Today, Dr. Thomas is an accomplished researcher, a dedicated professor, and an esteemed administrator at Baruch College.
But in 1980, she was a trendsetter for women at the Fox School of Business.
As the first woman to obtain a doctorate from the Fox School, Thomas received her PhD in marketing, a field that is now predominantly women, but was all men during her tenure at Temple. “Women were very uncommon in business PhDs, even marketing, when I was in school,” she recalled. “And I rarely saw women at conferences.”
Dr. Thomas is currently a professor of marketing and the Director of the Zicklin Undergraduate Honors Program at the Zicklin School of Business at Baruch College, City University of New York. Thomas praises her experience at Temple University for the appreciation she has developed towards public institutions.

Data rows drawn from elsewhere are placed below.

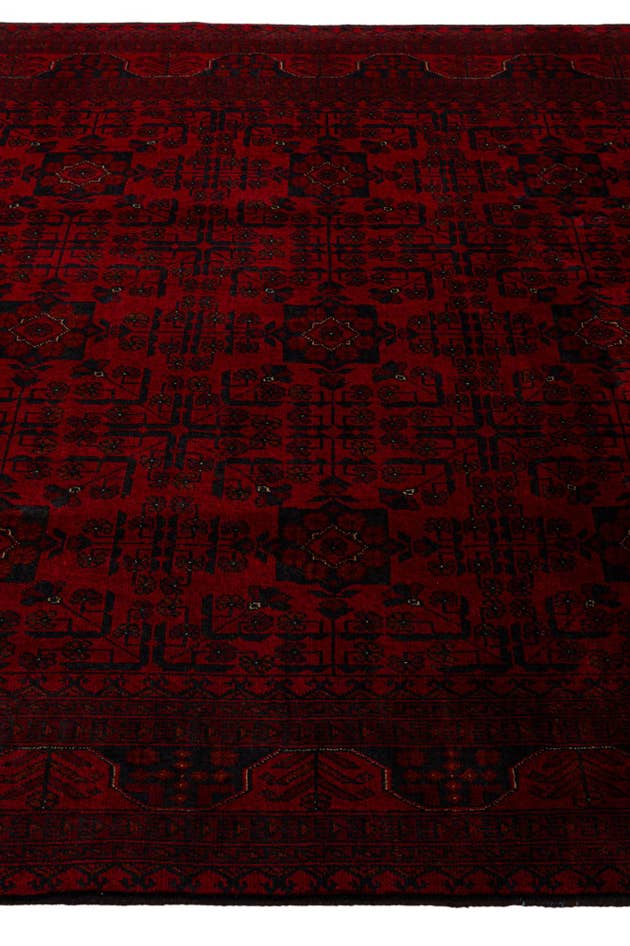 Detail image of 6' 7 x 9' 11 Hand Knotted Khal Mohammadi Wool Rug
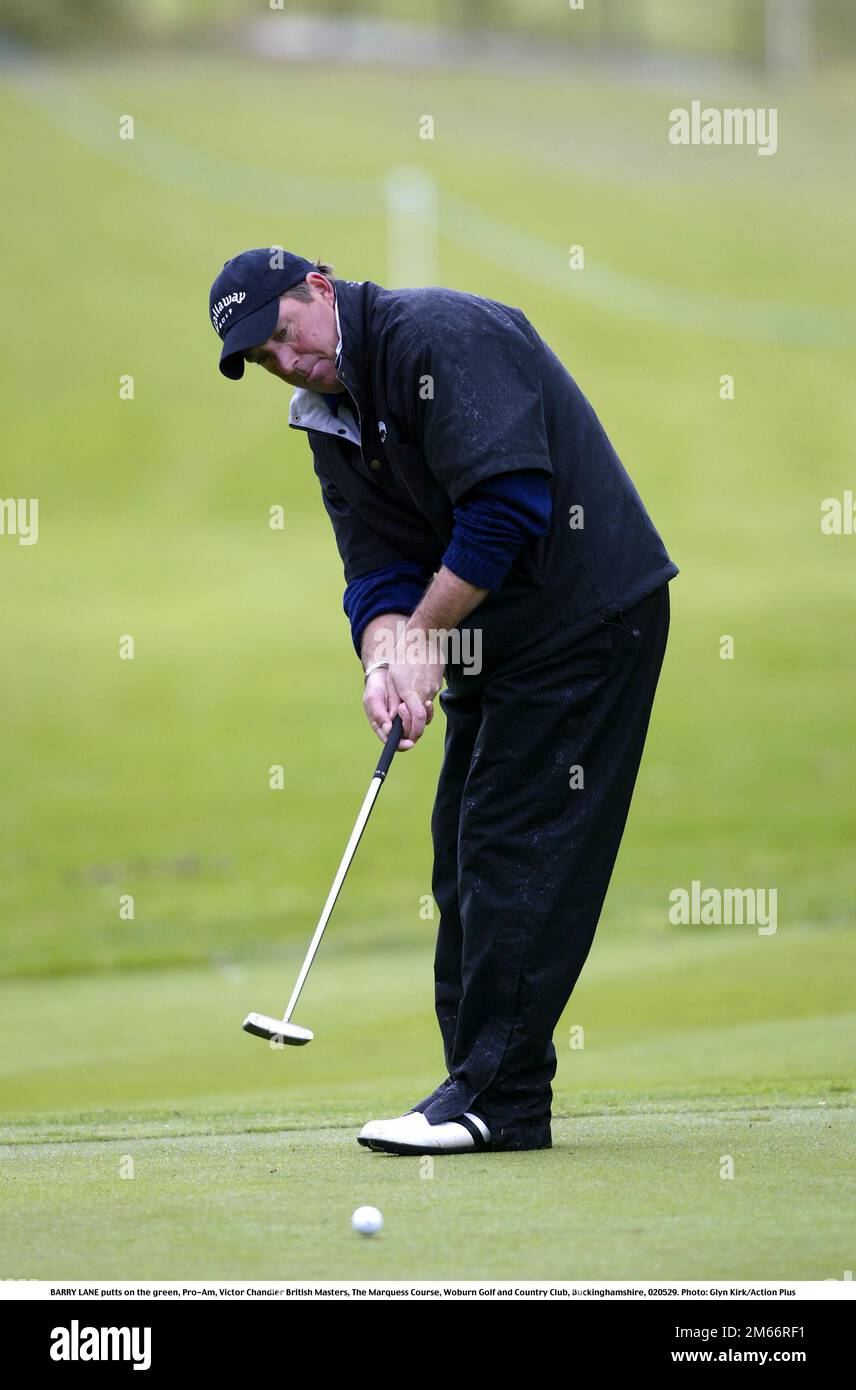 BARRY LANE Putts on the Green, Pro-am, Victor Chandler British Masters, The Marquess Course, Woburn Golf and Country Club, Buckinghamshire, 020529. Foto: Glyn Kirk/Action Plus.2002.Golfer Golfer.Putting putt.greens.celebrities Prominente Celeb Celebs Stockfoto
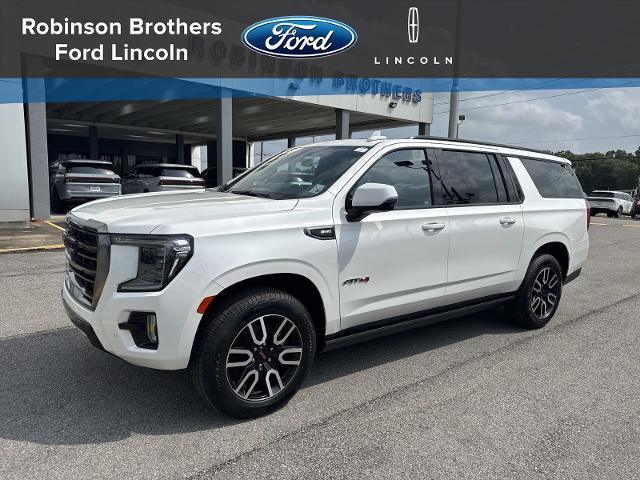 2021 GMC Yukon XL AT4 4WD photo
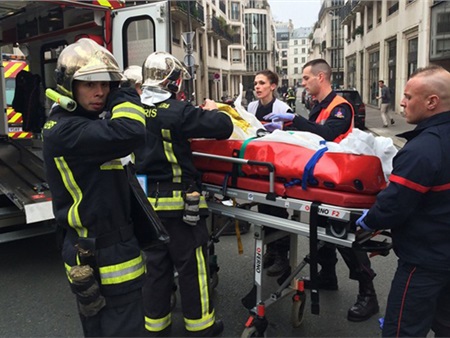 Hiện trường vụ xả súng đẫm máu giữa thủ đô Paris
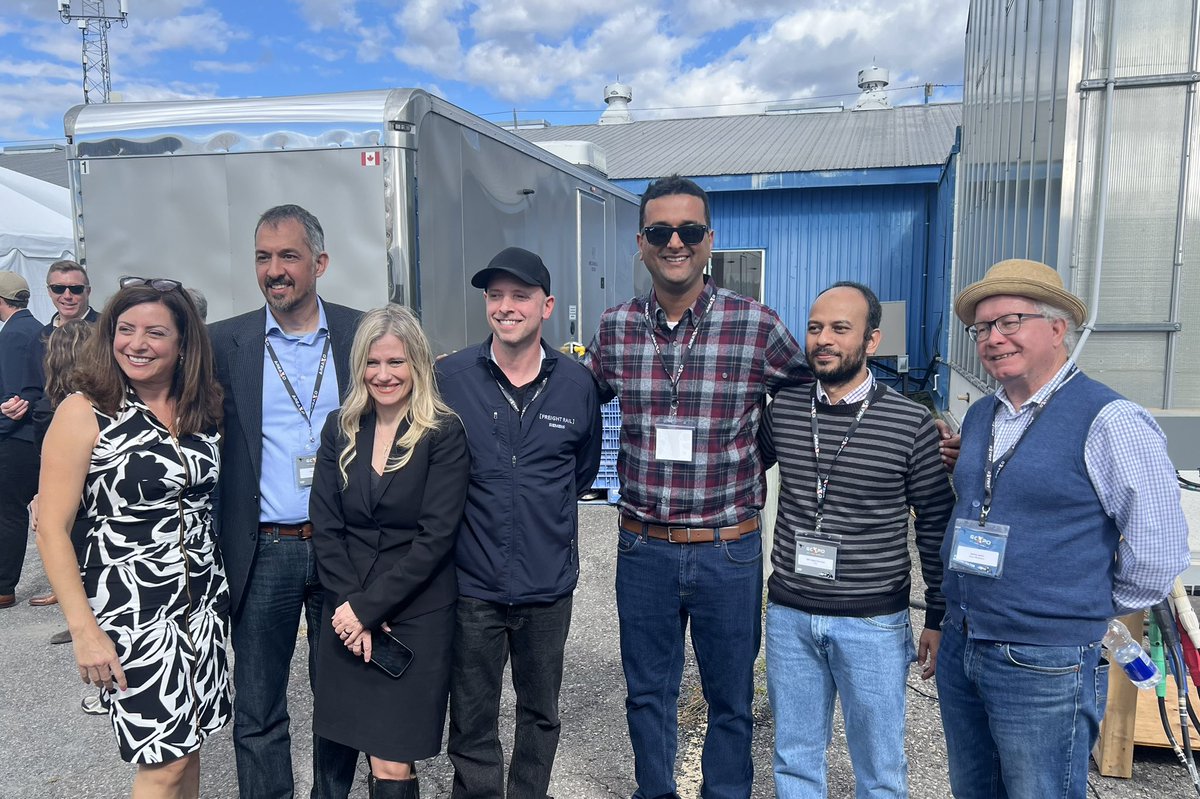 Four DRobotics tweet media
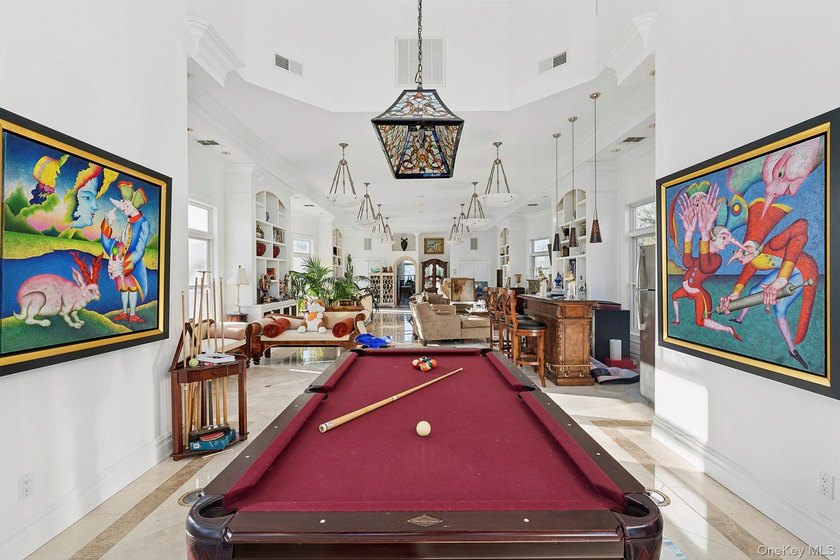 Exceptional Westhampton Retreat with Timeless Elegance Discover - photo 8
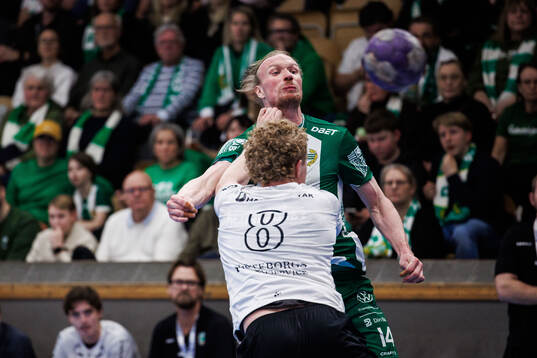 Hammarbys Henrik Momats Norén och Önnereds Joel Pedersén
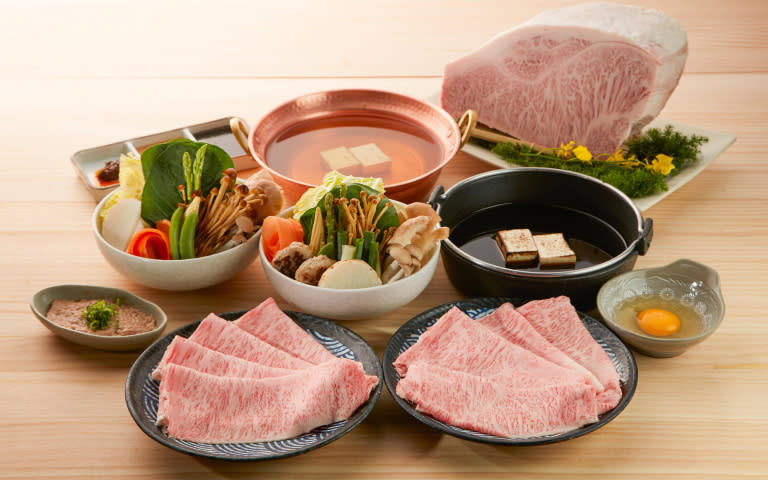 為歡慶開幕，10月31日前「黑毛屋本家」點選兩份特選日本和牛鍋物套餐，即免費招待一份特選日本和牛，價值980元。（圖．乾杯集團提供）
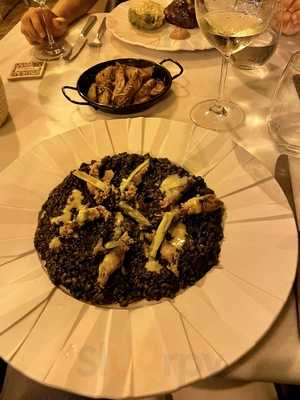 Los Jardines Del Cuartel Del Mar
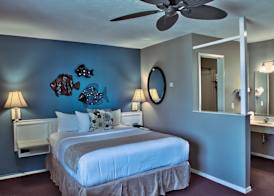Lovers Point Inn 3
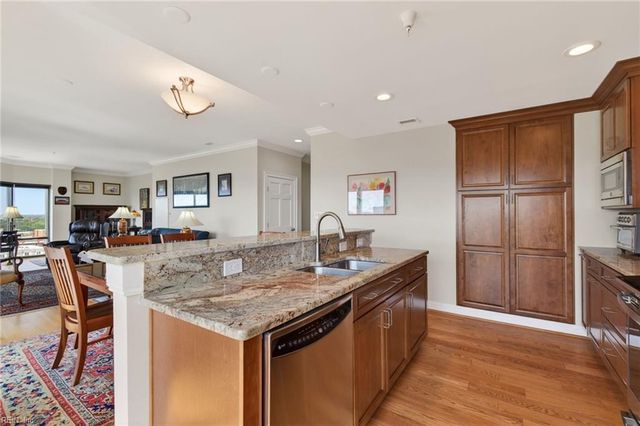 123 College Pl Unit 1403, Norfolk, VA 23510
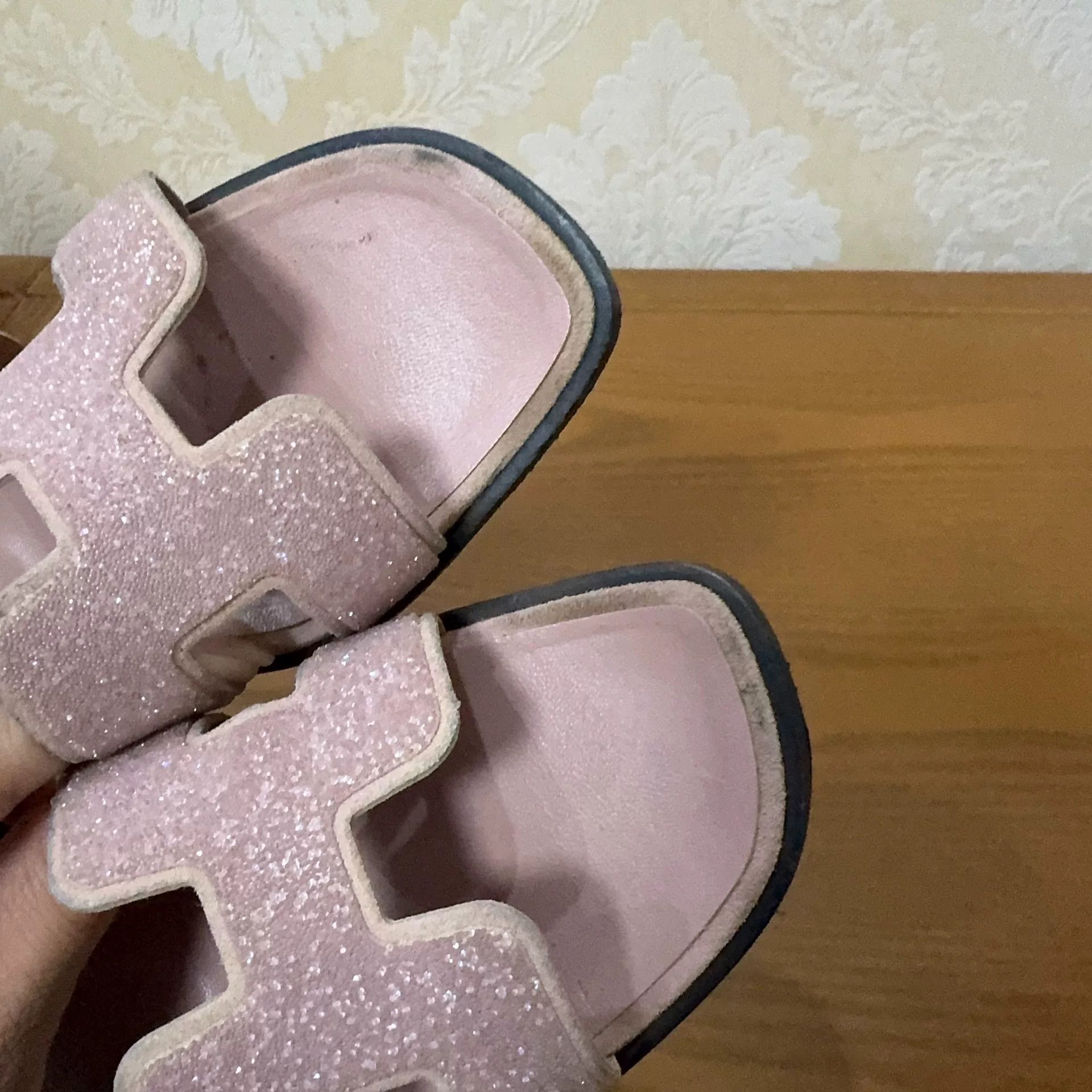 Hermes Hermes Pink Sandals us_6 Women Size US 6 / IT 36 - 6 Thumbnail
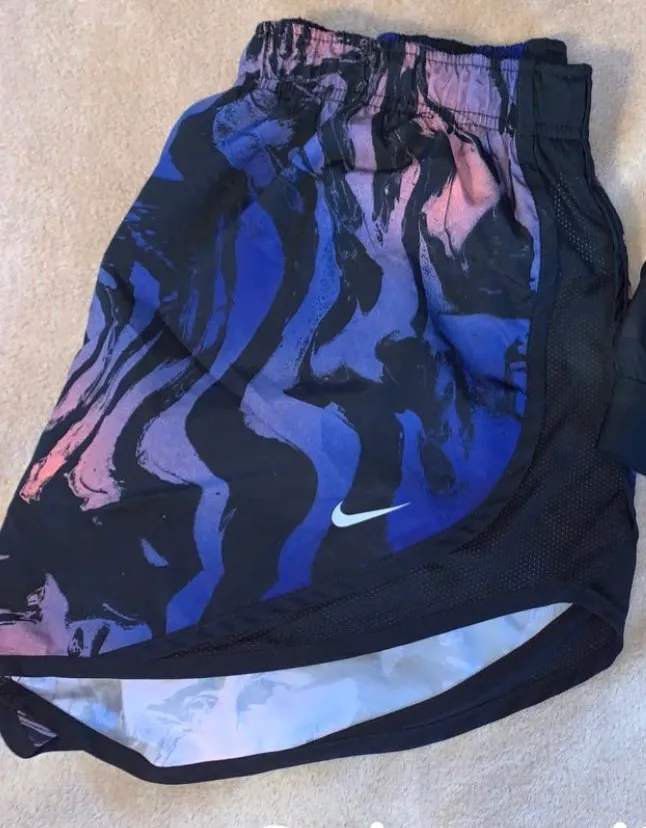 Nike Womens  Running Shorts - Image 2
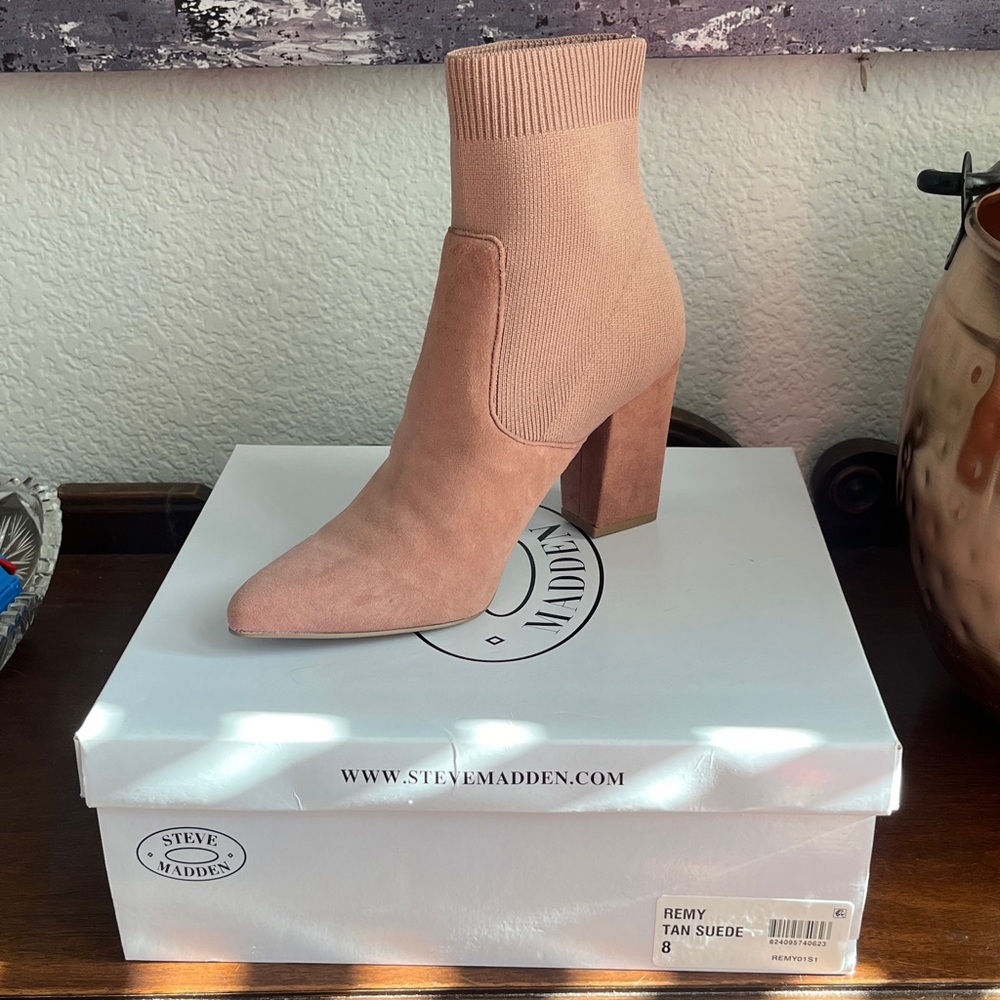 Steve Madden Beige Heeled Ankle Boots Remy Tan suede size 8 - never worn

“Temple has taught me to believe in public education,” Thomas professed. “I went to Baruch right from Temple and we have really smart students from all over the world with parents who don’t speak English or have any money.” After years of private schools, Thomas’ experience at the Fox School helped her appreciate the value of diversity in education. “Cultural exposure makes public institutions more valuable and it gives students opportunities they normally wouldn’t have,” she said.
With undergraduate degrees in math and art history, Thomas pursued a doctorate in marketing. Following graduation, she went straight to Baruch, where her roles included professor, associate dean, and director of the doctoral program. She currently serves as director of the business honors program.
“My current role is my most favorite,” Thomas said. “Many students at large public schools don’t get the attention they would at a private school, but I make sure to give that attention in my honors program.”
Thomas credits her mother, a graduate of the University of Pennsylvania’s law school in the 1940s, for her then unconventional educational choices. “I grew up thinking everyone was equal. I never thought that [by going to business school] I was going into a man’s profession,” Thomas said.
That ‘man’s profession’ has changed. Today, 50-percent of PhD students are women at the Fox School, compared to 45-percent for all business-focused doctoral programs in the United States, according to the Council of Graduates Schools’ 2017 report.
Thomas did not let any obstacles get in her way of her goals. “It never occurred to me that women couldn’t do whatever they wanted to,” she recounted. “In reality, many women [at that time] didn’t even know they had options.”
“It never occurred to me that I didn’t.”